The Good Woman of Bangkok
By Dennis O'Rourke
Reviewed by Helen Jarvis

Having spent the last few months in South-east Asia, I was unaware of the debate that preceded the opening of the commercial season for this film.

Looking through the paper for a film I might go to, I was struck by the advertisement for The Good Woman of Bangkok: the compelling gaze of the woman and the lurid quotation caught my eye. The clincher was Dennis O'Rourke's name; I have always liked his work. Dennis is well known as a progressive film maker with a particular interest and long involvement in countries in our region.

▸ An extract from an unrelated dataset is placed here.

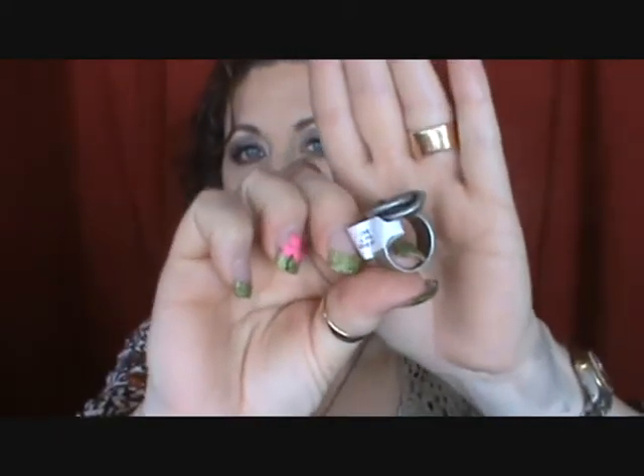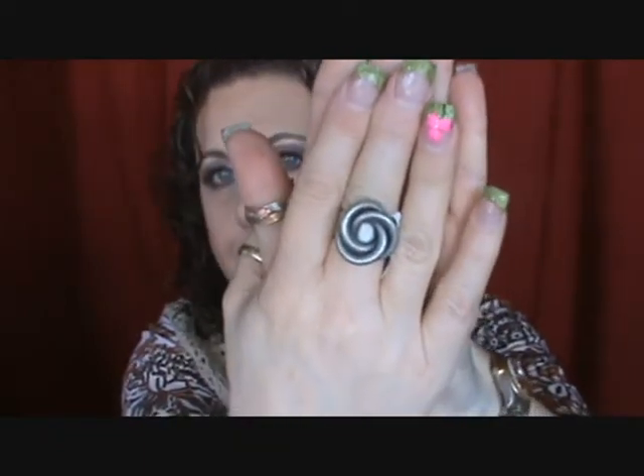Inadvertently I also ordered it in a size 9 — I didn't realize I had ordered two. It's still kind of tight on that finger, so it definitely would have needed a 10. This may end up in a sale. I could wear it on another finger, but I like to keep my wedding band hand clear. So it may end up being in a sale.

The Good Woman of Bangkok is an understated film about prostitution in Thailand. The focus is on Yaowalak Chonchanakun, known as Aoi, who comes from a village in Isan, the poor north-eastern region from which many of Bangkok's workers and squatters come in a relentless search for a living.

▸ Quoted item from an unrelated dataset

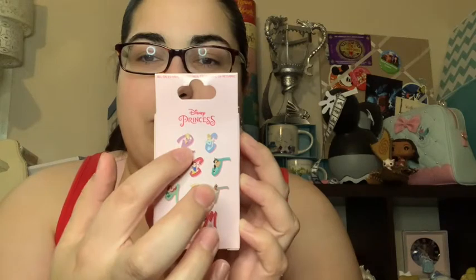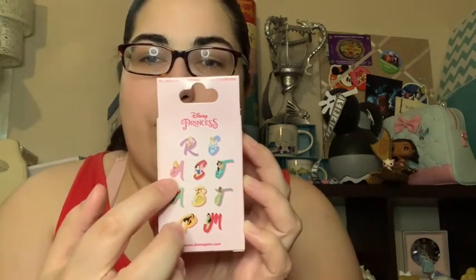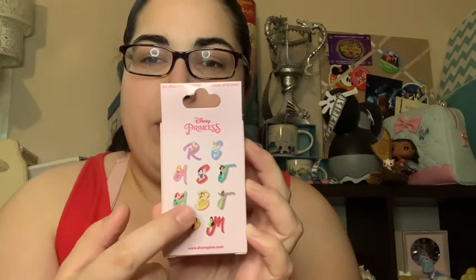So I got four unique pins from the letters set, which is basically unheard of! The only princesses I still need are Cinderella, Aurora, Snow White, Ariel, and Belle — I have a good majority of them. Finally got one unboxing where I don't have doubles! And watch me say that and get doubles for the next box — I probably just jinxed myself, but what can you do.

O'Rourke has chosen the Brecht play The Good Woman of Setzuan as the framework for Aoi's story, an allegory that moves the focus away from the voyeurism which one might expect to dominate such a film (certainly from the quotation in the advertisement).

The film opens with street scenes of Bangkok — the machine-like relentless movement of traffic, the clouds of pollution over all — then a peaceful shot of the entrance to Aoi's village, and her aunt sitting on the ground and speaking laconically in Thai about Aoi's childhood and her "handicap" (she is blind in one eye).

Then we see Aoi on a bus heading for Bangkok. She looks like any number of students I know — simple western-style dress, little or no make-up, hair hanging naturally to her shoulders with a slight fringe frequently falling across her forehead and strong brown eyes behind large owl-like glasses, which for me are the strongest image of Aoi. Strangely enough, the glasses are absent in the film's promotional material.

We see the bar and the hotel in which she works. For anyone who has visited Patpong, Bangkok's most famous sex and bar district for foreigners, the scenes would be depressingly familiar, while for some viewers they might be shockingly new.

Women with bored and listless faces, naked except for high-heeled shoes and bow ties, gyrate to loud music around brass poles. They show the strength and control they have over their vaginas — holding textacolours to write "no hands" messages to the audience, directing ping-pong balls into glasses and inserting chains of razor blades.

We see the women crowded into a space to change and put on make-up. They jostle and snap at each other, giving us some idea of the anxieties and problems they face and the small amounts of money for which they work — the $20 for a night's sex goes first to the bar owner, the hotel and the pimp, while all sorts of charges cut into the woman's portion. One woman remarks that she would need four dollars al times we hear that in many cases the woman ends up with just the tip, and not every man gives one.

I have some contacts with the Thai women's movement — including Empower, a group of sex industry workers fighting to improve their working conditions and to build solidarity and self-confidence among the workers. The images of their situation shown in the film are certainly accurate from what I know.

The most powerful part of the film for me is a series of monologues from Aoi, quietly spoken into a mirror, sometimes lightly and sometimes with anger or great distress — crying, cutting off the interview as her story unfolds. The aunt keeps reappearing, like a chorus filling us in on the background and giving a perspective to the immediacy and poignancy of Aoi's own words.

The shifts from country to city, from street to bar to hotel room are somewhat jumpy, but help to remind the viewer of the context from which the women come — the grinding poverty and demands made by their families, particularly the fathers. We even see one girl (perhaps 13 years old) being brought up in a lift to be sold.

The film has been criticised as voyeuristic and exploitative, but I strongly disagree, except insofar as any film has to look at and exploit its subject and actors.

O'Rourke has been criticised for going to Bangkok and participating in the sex trade, and then getting off scot free by hardly appearing in the film at all. To my mind, he appears too much. The print introduction and epilogue, and his very few questions to Aoi really don't tell us anything more about her; they only confuse the issue by bringing in his emotional state, his reaction to her situation and his relationship with her (which is not satisfactorily explained). I found this irrelevant and distracting from Aoi's own story — a small flaw in a beautiful and powerful film.